In the same manner, in the L2 layer of the optical disc in the first embodiment, the sixth wobble out of the eight wobbles in one sync frame is formed as the wobble 109 a. From the opposite viewpoint, by that the detection circuit of the information reproducing apparatus detects the wobble 109 a as the sixth wobble, it is possible to judge that the recording layer in which the tracking is being performed is the L2 layer (refer to the table showing the layer judgment information 113 in FIG. 6). Moreover, in the L3 layer of the optical disc in the first embodiment, the seventh wobble out of the eight wobbles in one sync frame is formed as the wobble 109 a. From the opposite viewpoint, by that the detection circuit of the information reproducing apparatus detects the wobble 109 a as the seventh wobble, it is possible to judge that the recording layer in which the tracking is being performed is the L3 layer (refer to the table showing the layer judgment information 113 in FIG. 6). Moreover, this is not shown in FIG. 5, but in an L4 layer of the optical disc in the first embodiment, the eighth wobble out of the eight wobbles in one sync frame is formed as the wobble 109 a. From the opposite viewpoint, by that the detection circuit of the information reproducing apparatus detects the wobble 109 a as the eighth wobble, it is possible to judge that the recording layer in which the tracking is being performed is the L4 layer (refer to the table showing the layer judgment information 113 in FIG. 6).
Consequently, according to the optical disc in the first embodiment of the information recording medium of the present invention, it is possible to judge each recording layer by detecting a particular position where it is replaced by the wobble 109 a which is oscillated or wobbled at the frequency-modulated frequency, such as the frequency oscillated or wobbled twice as much as the reference frequency. More specifically, in the front area 111 of the sync frame of the groove track, the address information and synchronization information including a synchronization signal are recorded by the land pre-pits LP. Moreover, in the rear area 112, it is replaced by the wobble 109 a which is oscillated or wobbled at the frequency-modulated frequency, in the particular position. Thus, by changing the position where it is replaced by the wobble 109 a, it is possible to change the shape of the groove track in each recording layer. Therefore, by that the information reproducing apparatus described later detects the position where it is replaced by the wobble 109 a, the shape of the groove track peculiar to each recording layer is judged, and each recording layer can be judged or identified, quickly and easily.
If the layer judgment information is recorded in the land pre-pit LP, for example, it is necessary to decode a signal from the land pre-pit LP, so that it causes an increase in processing load of a signal processing circuit and an increase in cost of a signal processing circuit to be added if it is desired to realize a fast signal process.
In contrast, according to the optical disc in the first embodiment, it is possible to change the shape of the groove track GT in each recording layer by changing the position where it is replaced by the wobble 109 a.
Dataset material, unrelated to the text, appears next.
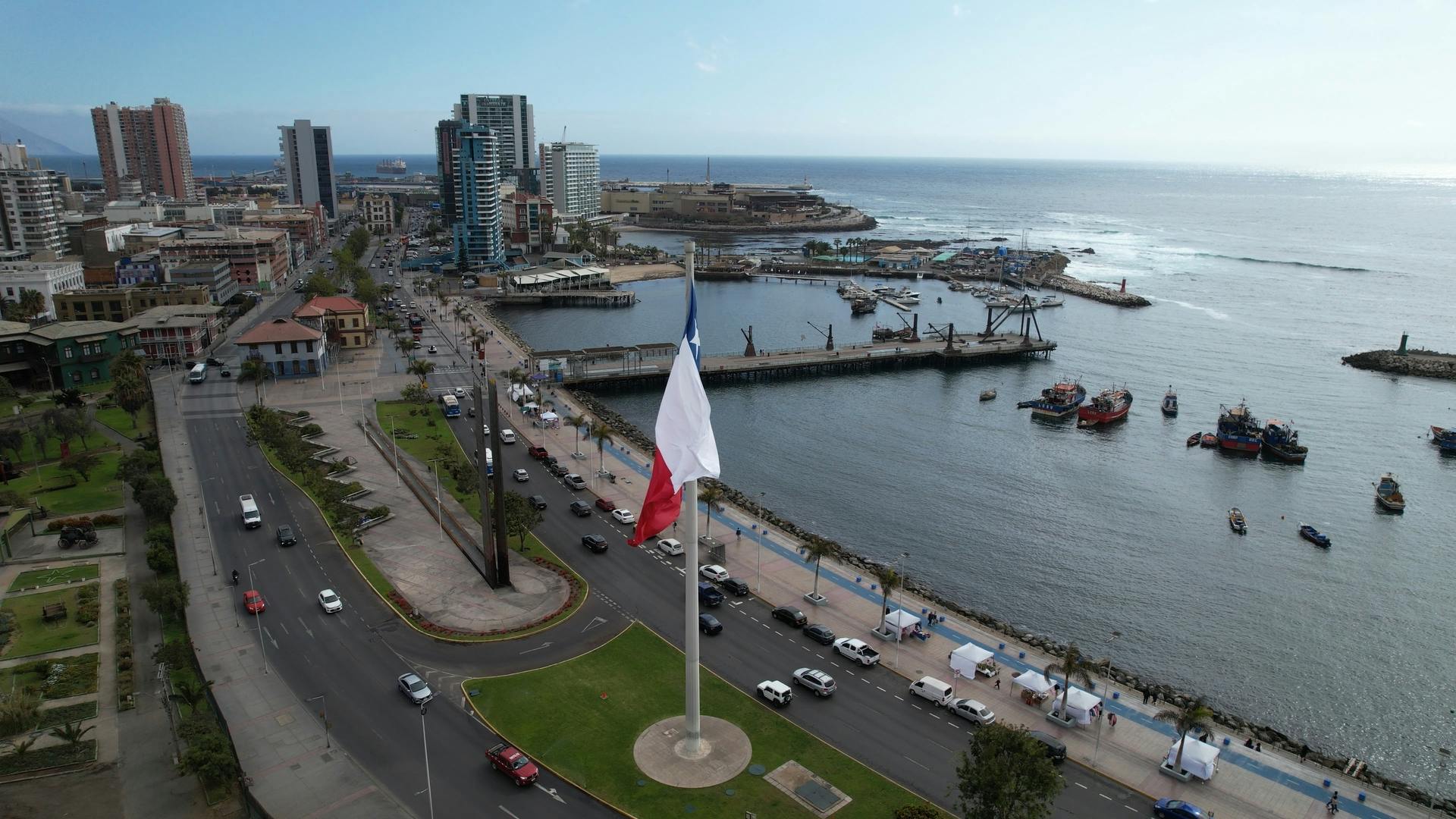 Antofagastinos piden deseos de navidad para la ciudad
Namely, by associating the shape of the groove track GT in the rear area 112 with the layer judgment information 113 in a one-to-one way, by definition, the position where it is replaced by the wobble 109 a is detected by the information reproducing apparatus described later, without the layer judgment information decoded. By this, the shape of the groove track peculiar to each recording layer is judged, and each recording layer can be judged or identified, quickly and easily. Incidentally, the detection circuit of the layer judgment information 113 and the detection principle will be explained in detail, in FIG. 8 and FIG. 9 described later.
(Explanation of Entire Information Recording/Reproducing Apparatus)
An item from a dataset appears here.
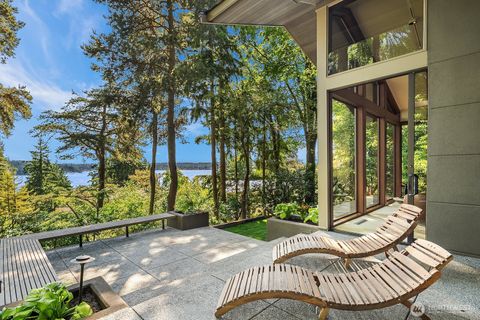 4170 Boulevard Place Mercer Island WA 98040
Next, an information recording/reproducing apparatus in an embodiment of the information reproducing apparatus of the present invention will be explained. FIG. 7 is a block diagram showing the entire structure of the information recording/reproducing apparatus in the embodiment of the information reproducing apparatus of the present invention. On the optical disc 100, pit data DP synchronized with a first clock signal CK1 is recorded in accordance with the length of a record mark. The record mark in this example is a pit, and the track is constructed from a pit row. The track has a meandering shape in accordance with a wobble signal WB obtained by the spread spectrum modulation of wobble data DW. The wobble signal WB is synchronized with a second clock signal CK2. The first clock signal CK1 has a frequency which is N times (N is a natural number) as much as that of the second clock signal CK2. In this example, N=25, the second clock signal CK2 is 420 KHz, and the first clock signal CK1 is 10.5 MHz.
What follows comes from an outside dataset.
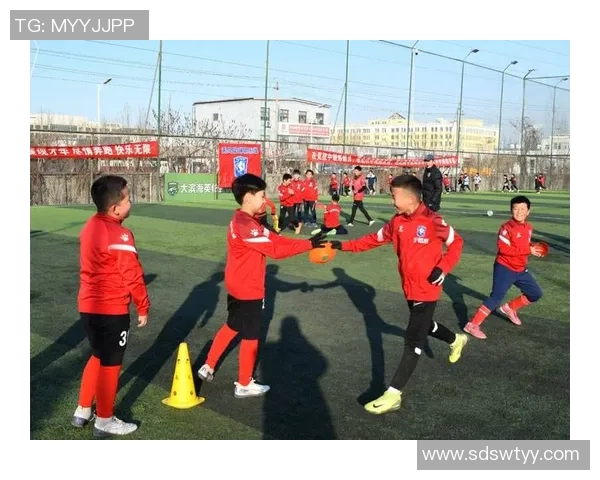 未来之星 足球新生代崛起 揭秘年轻球员的无限潜力与梦想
An information recording/reproducing apparatus 200 is provided with: an optical pickup 202 for irradiating a reproduction beam onto the optical disc 100 and outputting a signal responding to reflected light; a spindle motor 203 for controlling the rotation of the optical disc 100; and a servo unit 222. The servo unit 222 is synchronized with these signals, and performs spindle servo for controlling the rotation of the spindle motor 203, and focus servo and tracking servo for performing relative position control of the optical pickup 202 to the optical disc 100.
The optical pickup 202 is provided with a laser diode for irradiating the reproduction beam; and a not-illustrated four-division detection circuit. The four-division detection circuit divides the reflected light of the reproduction beam into four areas 1A, 1B, 1C, and 1D shown in FIG. 7, and outputs each signal corresponding to the quantity of light in respective one of the areas. A head amplifier 204 amplifies each output signal of the optical pickup 202, and outputs a divisional read signal 1 a corresponding to the area 1A, a divisional read signal 1 b corresponding to the area 1B, a divisional read signal 1 c corresponding to the area 1C, and a divisional read signal 1 d corresponding to the area 1D. Incidentally, the optical pickup 202 and the head amplifier 204 correspond to the optical pickup device of the present invention.
A sum generation circuit 210 is provided with an adder circuit for adding the divisional read signals 1 a, 1 b, 1 c, and 1 d and for outputting a sum read signal SRF. Incidentally, the sum read signal SRF is a signal which represents the length of the record mark.
A pit data demodulation circuit 211 reproduces the pit data DP on the basis of the sum read signal SRF, and generates the first clock signal CK1. More specifically, the reproduced pit data DP is demodulated by using a predetermined table, to thereby generate reproduction data. For example, if EFM modulation is adopted as a modulating method, a process of converting 14-bit pit data DP to 8-bit reproduction data is performed. Then, a descramble process is performed in which the order of the reproduction data is rearranged in accordance with a predetermined rule, and the processed reproduction data is outputted.
The reproduction data obtained in this manner is supplied to a pit data correction circuit 212 shown in FIG. 7, on which an error correction process and an interpolation process are performed, and then, it is stored into a buffer 213. An interface 214 sequentially reads the data stored in the buffer 213, converts it in a predetermined output format, and outputs it to external equipment.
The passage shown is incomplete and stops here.